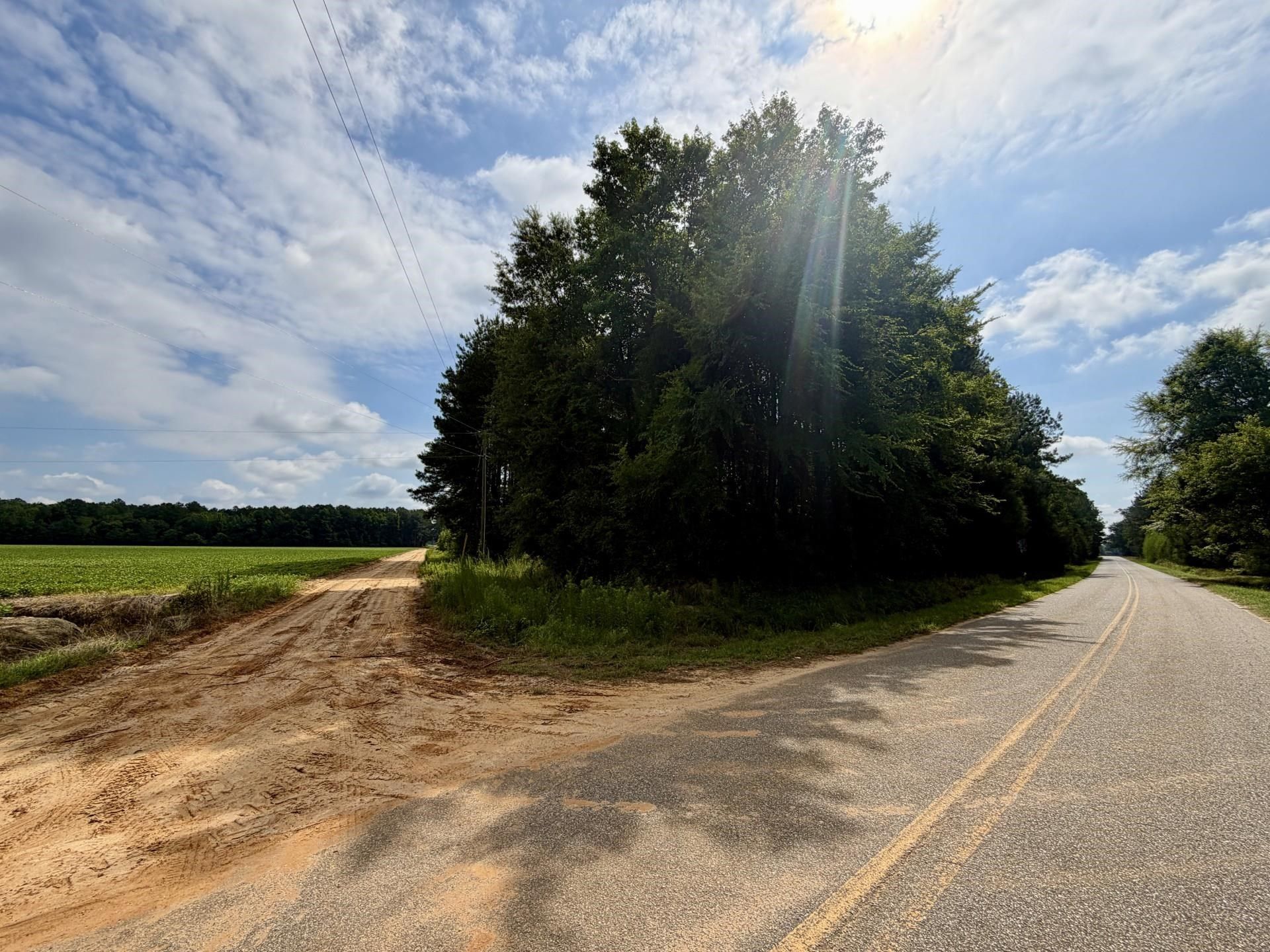 Tbd Road 300 Photo 4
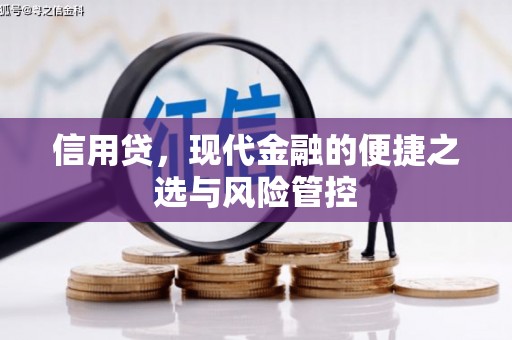 翔安信用贷，现代金融的便捷之选与风险管控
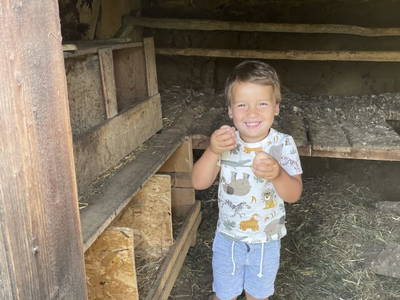 Bild 49 aus  Pirkerhof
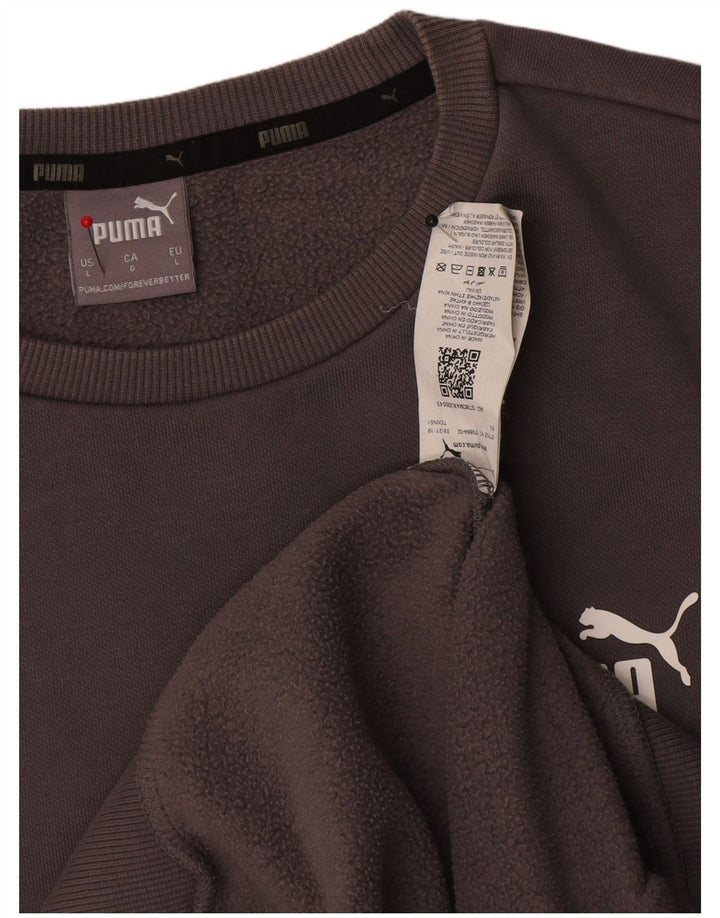 Felpa da uomo Puma Maglione grande in cotone grigio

PROBLEM
Return the full set of lines above word for word and with no pictures.

TASK OUTPUT
 Tbd Road 300 Photo 4
 翔安信用贷，现代金融的便捷之选与风险管控
 Bild 49 aus  Pirkerhof
 Felpa da uomo Puma Maglione grande in cotone grigio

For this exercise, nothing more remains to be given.